*ASSIGNED TASK*:
Please reproduce the listing verbatim, without its images.

*DATA*:
★ ★ ★
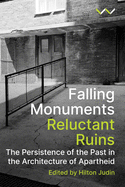 Falling Monuments, Reluctant Ruins: The Persistence of the Past in the Architecture of Apartheid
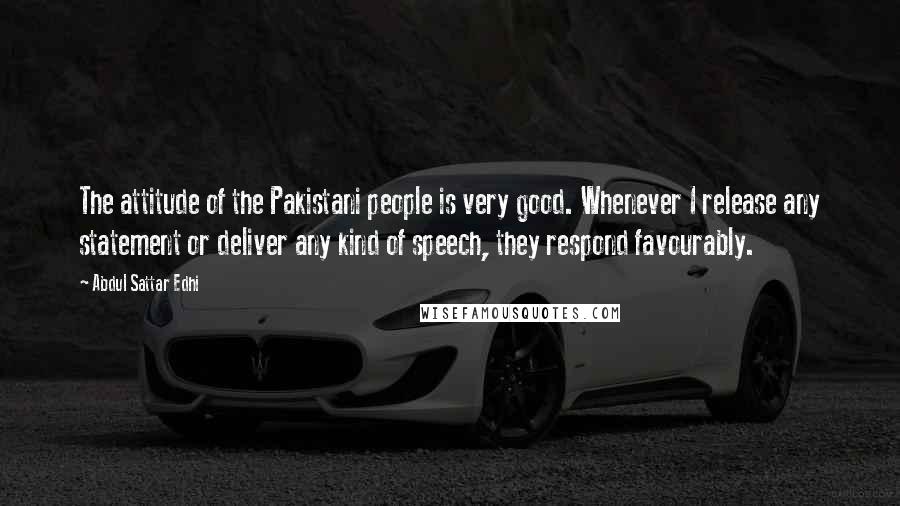 Abdul Sattar Edhi Quotes: The attitude of the Pakistani people is very good. Whenever I release any statement or deliver any kind of speech, they respond favourably.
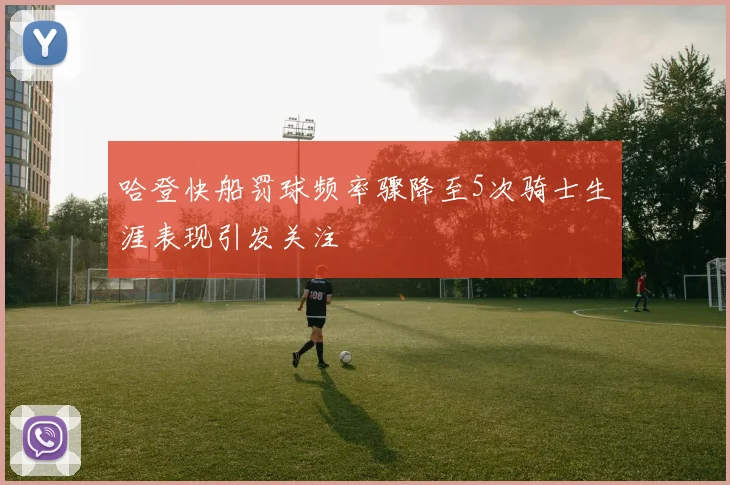 哈登快船罚球频率骤降至5次骑士生涯表现引发关注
★ ★ ★
*RESPONSE TO THE EXERCISE*:
 Falling Monuments, Reluctant Ruins: The Persistence of the Past in the Architecture of Apartheid
 Abdul Sattar Edhi Quotes: The attitude of the Pakistani people is very good. Whenever I release any statement or deliver any kind of speech, they respond favourably.
 哈登快船罚球频率骤降至5次骑士生涯表现引发关注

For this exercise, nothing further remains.